That little bombshell was enough to make him choke in mid-inhale. “The VCTF was after him too?”

“The VCTF considered him hot stuff back in the day. Although technically I think they devoted an entire cataloguing system just to you, so don’t get all insecure about sharing or anything.”

Jack glared as the girl didn’t even attempt to hide her smirk. “And…?”

“And, a few years ago Philip was the head of this anti-government survivalist group. I think officially they were considered a cult, but by all accounts he wasn’t so much about preaching flower-power and loving the one you’re with. He was more into gun-running and bomb-building and the usual heavy shit that didn’t endear him to the Feds. The VCTF was part of the team charged with bringing him in.”

Jack nodded as the details came back to him. “He blew up the entire compound right before they got him.”

“Yep. Took himself and his entire crew out rather than face justice. The reports said the incendiaries burned too hot for the good guys to recover a single body - but hey, it’s not like a bunch of munitions experts and black-ops types would’ve had a contingency plan, right?” Frances shook her head, playing with the cigarette lighter in her hand. “Pretty damned naïve assumption for Quantico’s best and brightest - no wonder they never even came close to getting you.”

His right leg ironically chose that moment to start throbbing in protest, and Jack grunted as he shifted position to massage the scar from the long-ago bullet wound. “They came closer than you might imagine, kiddo. So Nichols survived and changed careers from cult mastermind to zombie slayer. I suppose stranger things have happened.”

“Please, stranger things just happened thirty minutes ago in the lobby,” Frances pointed out, and Jack had to admit he couldn’t argue with that sentiment. “He’s not the only one leading the resistance cells, but he sort of started the whole thing and he’s still got more followers than anyone else on this side of the country.”

“So you can take the cultist out of the cult…”

“…but when you hit the critical mass of brain-eating undead dudes on your doorstep you’re kind of happy to get him back,” Frances finished. “Anyway, Philip patched me up and got me the hell out of the city and back to the compound. First he had to convince me I wasn’t crazy or hallucinating the whole New York situation.
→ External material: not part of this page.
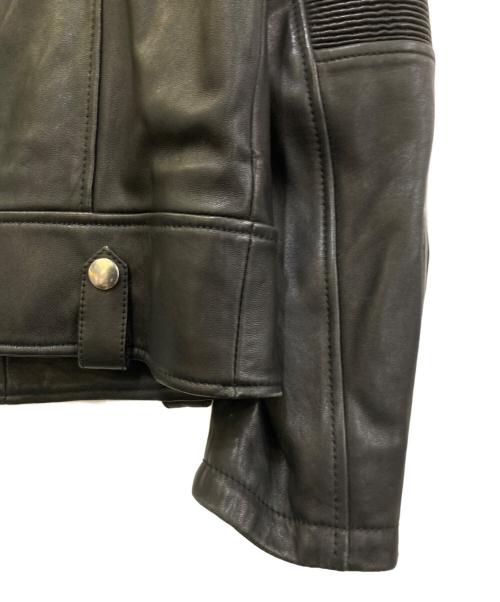 DIESEL（ディーゼル）DIESEL (ディーゼル) L-STARKVILLE ラムレザーダブルライダースジャケット ブラック サイズ:Lの古着・服飾アイテム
Then he convinced me I’d be much more useful to my family and all the other survivors out there if I learned everything he could teach me about zombies, including how to take the fuckers out. It’s kind of a work in progress.”
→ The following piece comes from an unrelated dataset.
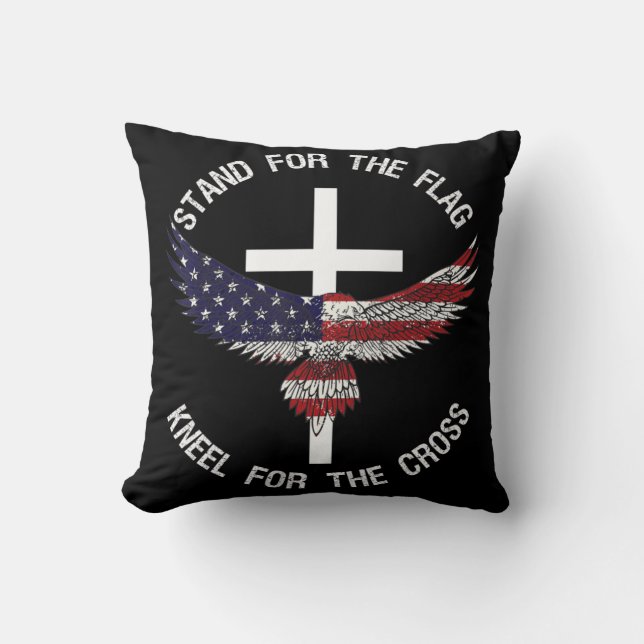 Coussin Support Patriotique Pour Le Pignon Drapeau Pour La (Recto)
“I think you’ve got that taking-out part down pretty well,” Jack conceded with a bit of grudging admiration.

“And I think I should be disturbed that coming from you that means a lot.” Frances’ lips twisted in a brief smirk before she returned her attention to the lighter in her hand. “I remember my dad being so pissed off that they’d lost their chance at bringing Philip in. I wonder if he would’ve been happy to know that I’m here thanks to a VCTF mishap or if he would’ve still just been pissed off and disappointed at the company I’m keeping?”
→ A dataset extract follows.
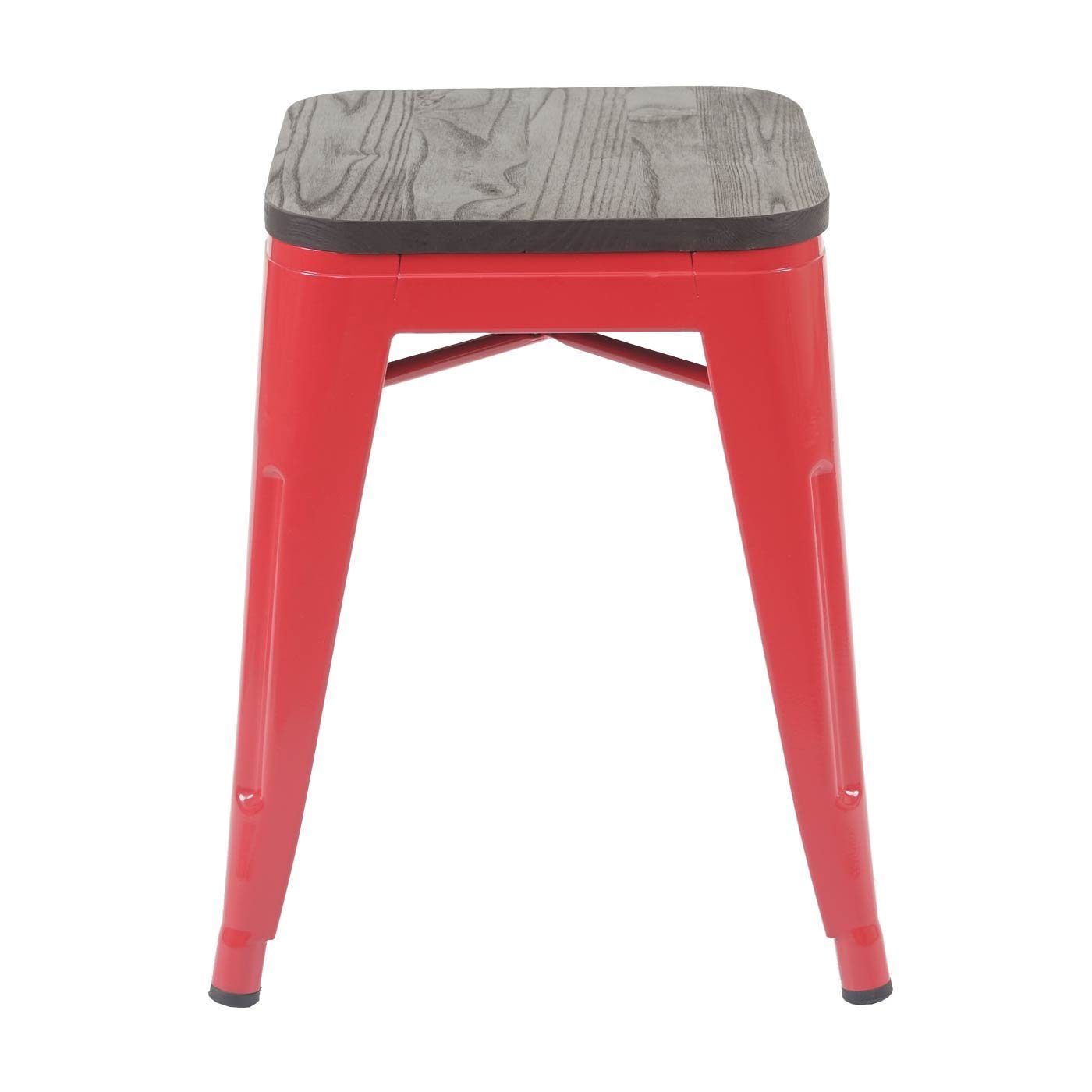 rot pro 120 Hocker kg Stuhl: MCW MCW-A73-2-H, Holzsitzfläche, mit Maximale Belastbarkeit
The words finally sank in at the same time that Jack took a good look at the battered jacket at her feet. The leather was soft and cracked from years of use, and he recognized the Marine Corps insignia stitched into the patch on one arm.

“Bailey’s dead too, isn’t he? I’m sorry,” he added awkwardly at the girl’s curt nod.

“C’mon, Jack, you wanted him dead for years. Don’t get all polite and insincere on me now.” Frances shrugged tightly and stood up, deliberately avoiding his eyes as she smoothed out the front of her shirt. “If it’s any consolation, he wanted you dead just as much. He’s the reason I figured out who you were, by the way - there were files scattered all over his house about this oddball Sherriff Boast who was just a little too stupid to be real. I saw you on the security cameras when I was up in the command center, and as soon as you took out George on the first shot I put two and two together. I figured you’d come back for Sam Waters.”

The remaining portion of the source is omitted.